* _Assignment_: Down to the last line, restate the records below word for word, dropping every image.

* _Listed entries_:

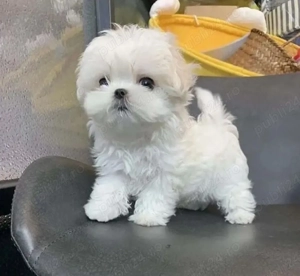 Bichon Maltez Mini Toy 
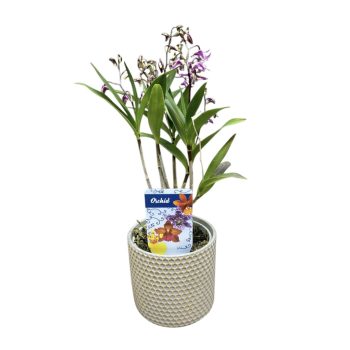 Dendrobium kingianum hibrid (virág nélkül)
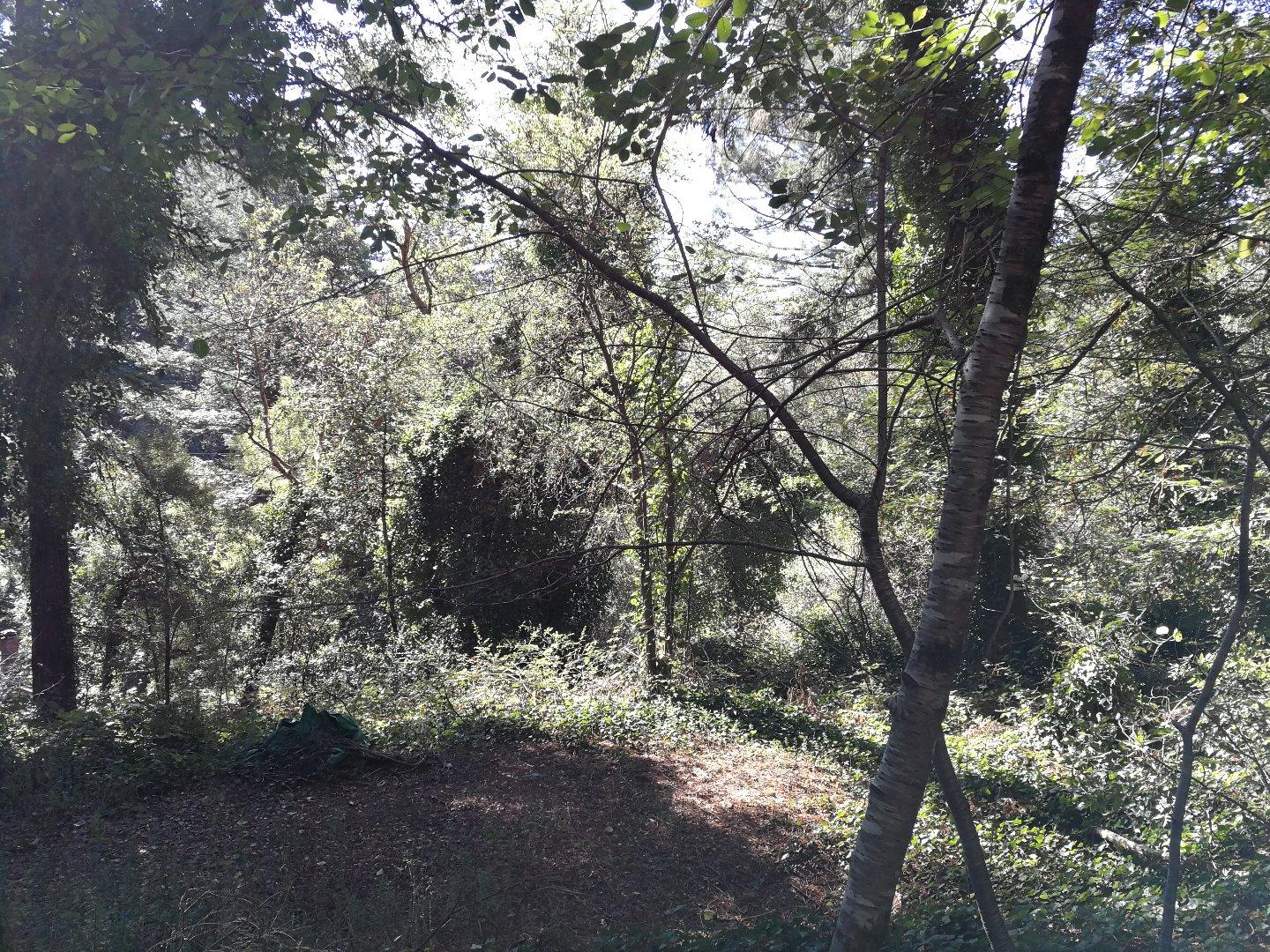 229 Huckleberry Trail, WOODSIDE, California 94062, ,Lots And Land,For Sale,Huckleberry Trail,40967380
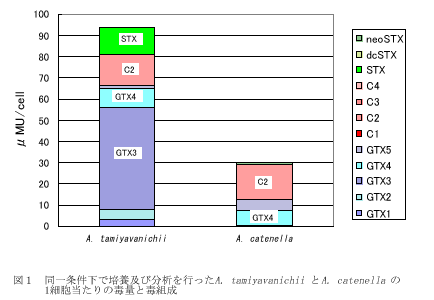 図１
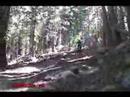 Downieville classic 2007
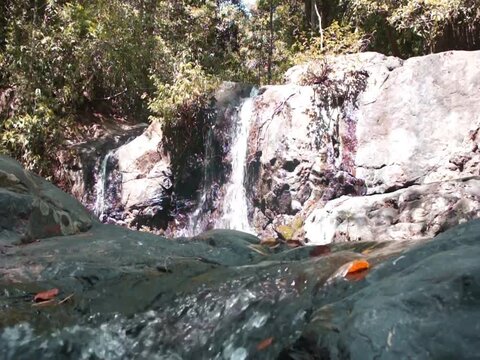 Salakot Falls in the jungle of Palawan Island. Philippines
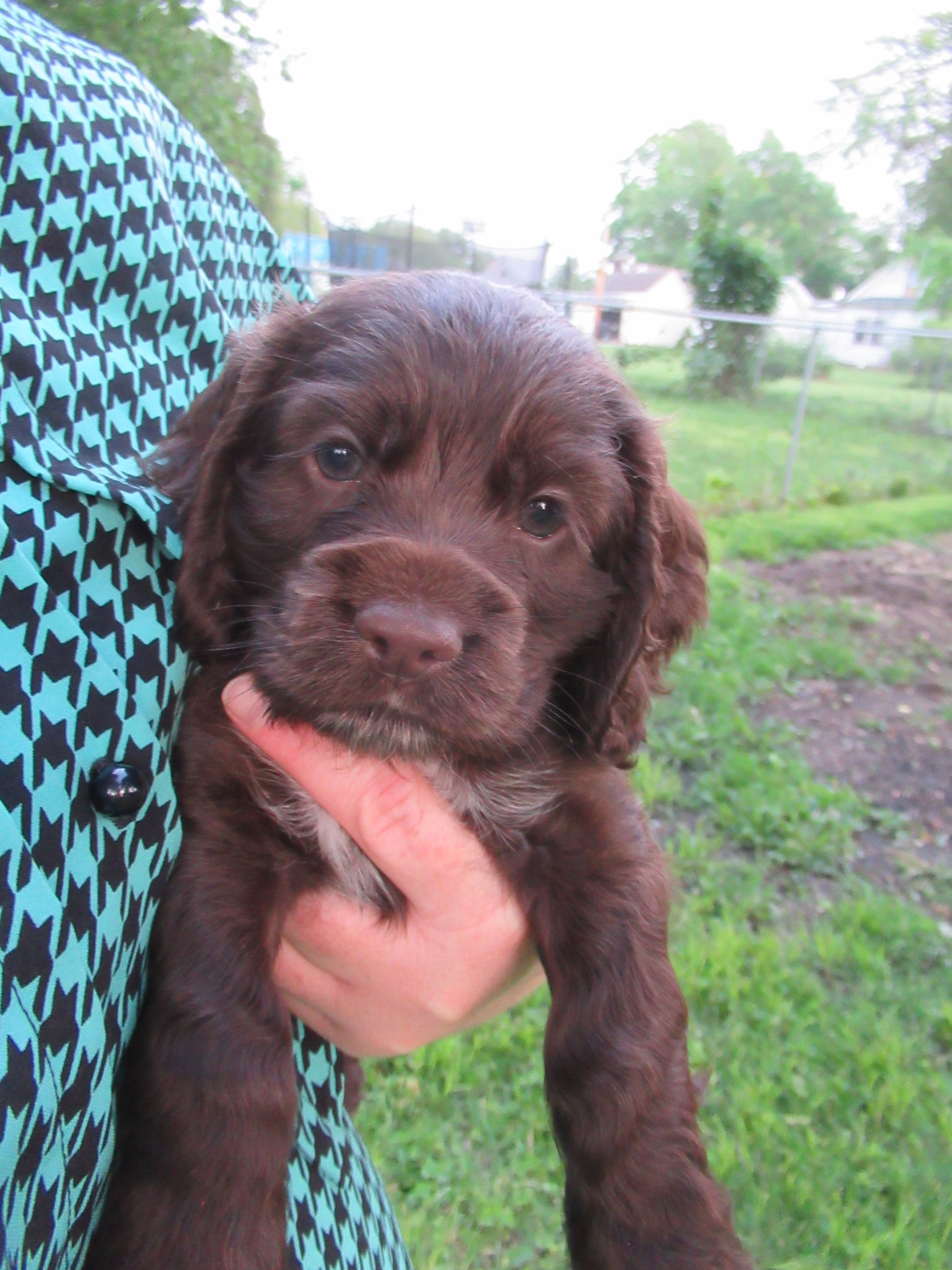 Cobalt – Cocker Spaniel puppy for sale in North Manchester, IN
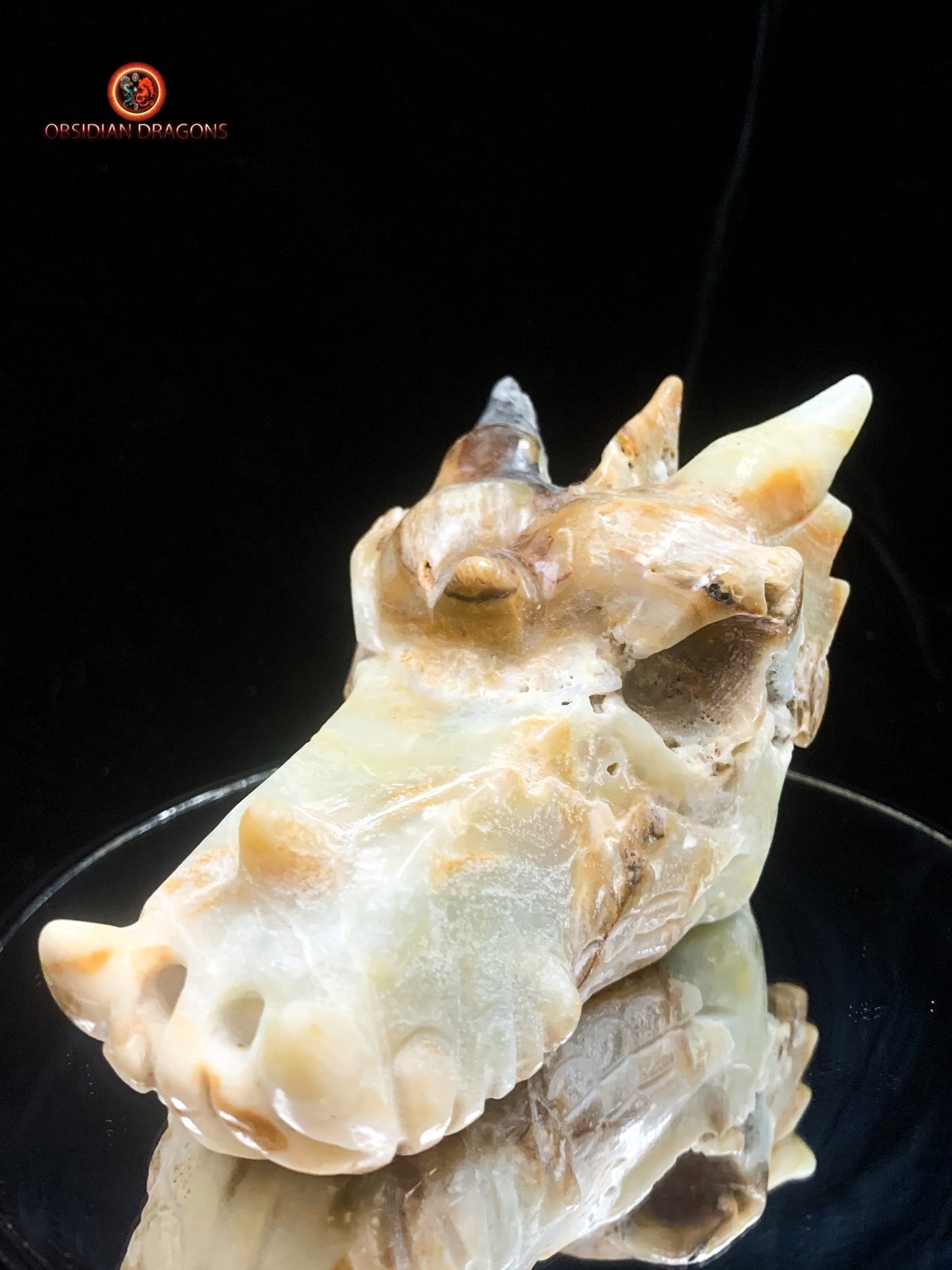 Crâne de dragon- Aragonite- Unique et artisanal | obsidian dragons
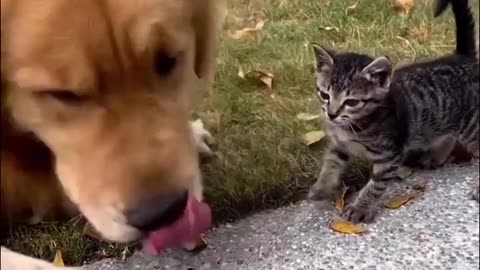 😂 Awesome Funny 🐶 Dogs And Cats 😸 - Funniest And Cute Pet Videos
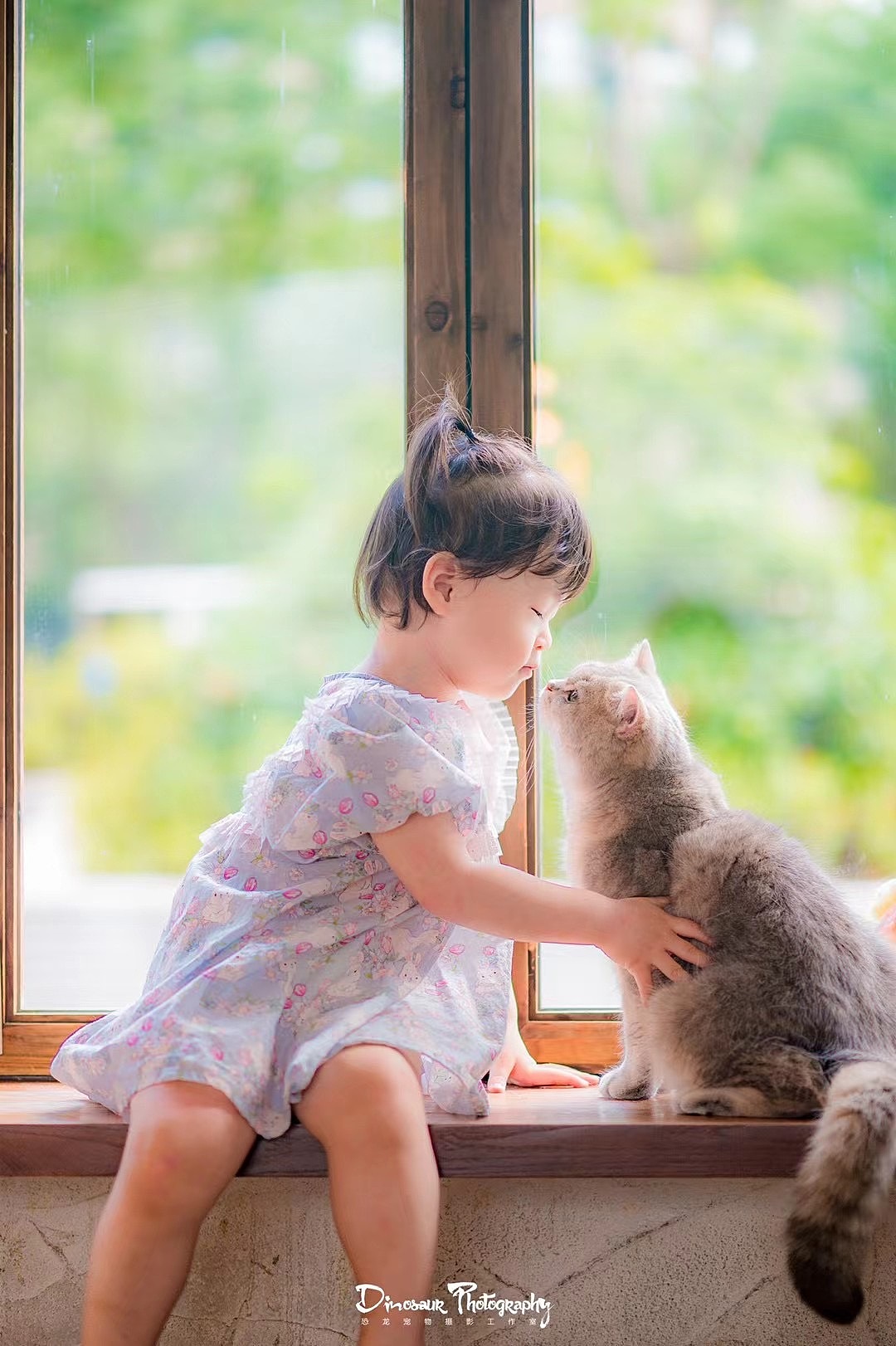 特别的家人（图ZMzEyNDQ4MTY0） - 婚礼摄影 - 站酷设计师恐龙宠物摄影原创素材 - 站酷ZCOOL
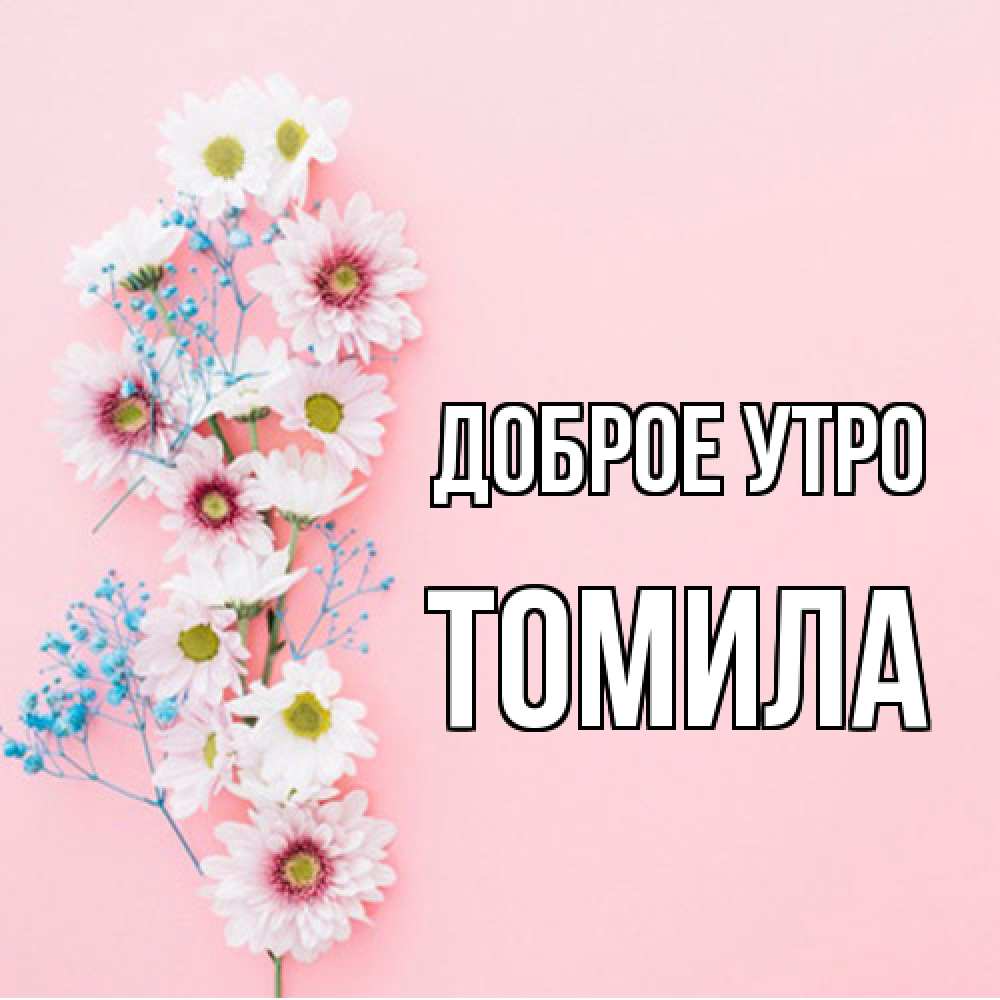 Открытка на каждый день с именем, Томила Доброе утро цветы с подписью Прикольная открытка с пожеланием онлайн скачать бесплатно 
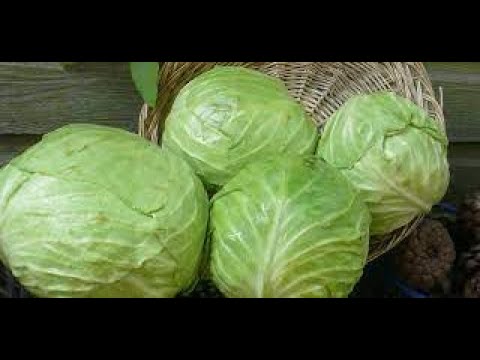 Видео: Как оригинально приготовить капусту с курицей. Ну очень вкусный рецепт.
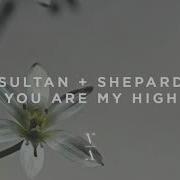You Are My High Sultan Shepard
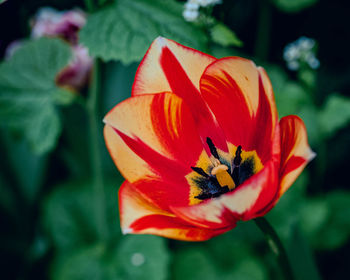 flowering plant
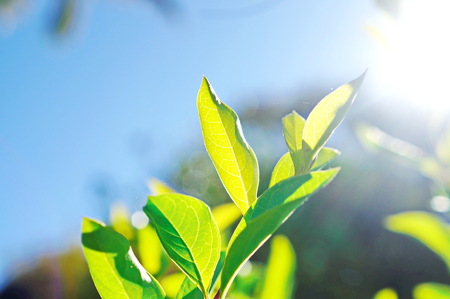 The sun hits the leaves in the morning.の写真素材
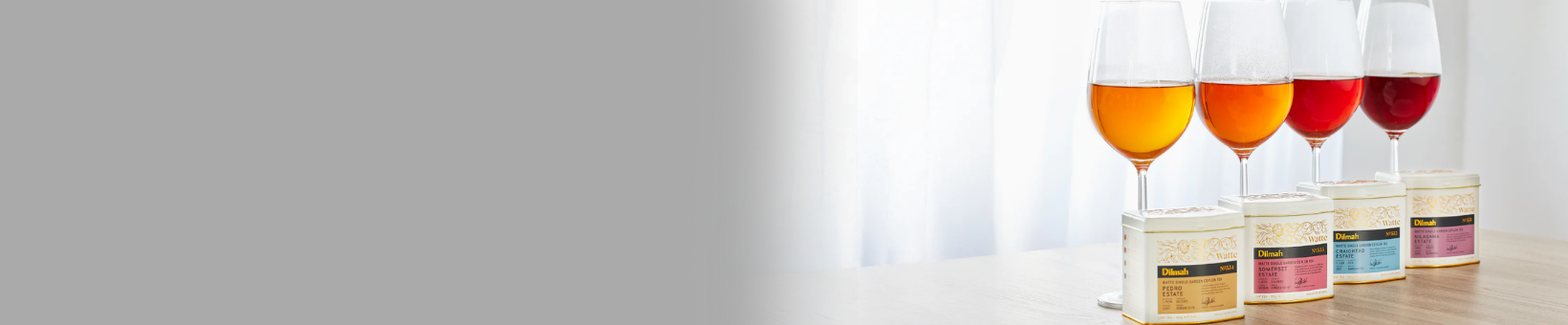 Watte Single Region Selection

* _Result_:
 Bichon Maltez Mini Toy 
 Dendrobium kingianum hibrid (virág nélkül)
 229 Huckleberry Trail, WOODSIDE, California 94062, ,Lots And Land,For Sale,Huckleberry Trail,40967380
 図１
 Downieville classic 2007
 Salakot Falls in the jungle of Palawan Island. Philippines
 Cobalt – Cocker Spaniel puppy for sale in North Manchester, IN
 Crâne de dragon- Aragonite- Unique et artisanal | obsidian dragons
 😂 Awesome Funny 🐶 Dogs And Cats 😸 - Funniest And Cute Pet Videos
 特别的家人（图ZMzEyNDQ4MTY0） - 婚礼摄影 - 站酷设计师恐龙宠物摄影原创素材 - 站酷ZCOOL
 Открытка на каждый день с именем, Томила Доброе утро цветы с подписью Прикольная открытка с пожеланием онлайн скачать бесплатно 
 Видео: Как оригинально приготовить капусту с курицей. Ну очень вкусный рецепт.
You Are My High Sultan Shepard
 flowering plant
 The sun hits the leaves in the morning.の写真素材
 Watte Single Region Selection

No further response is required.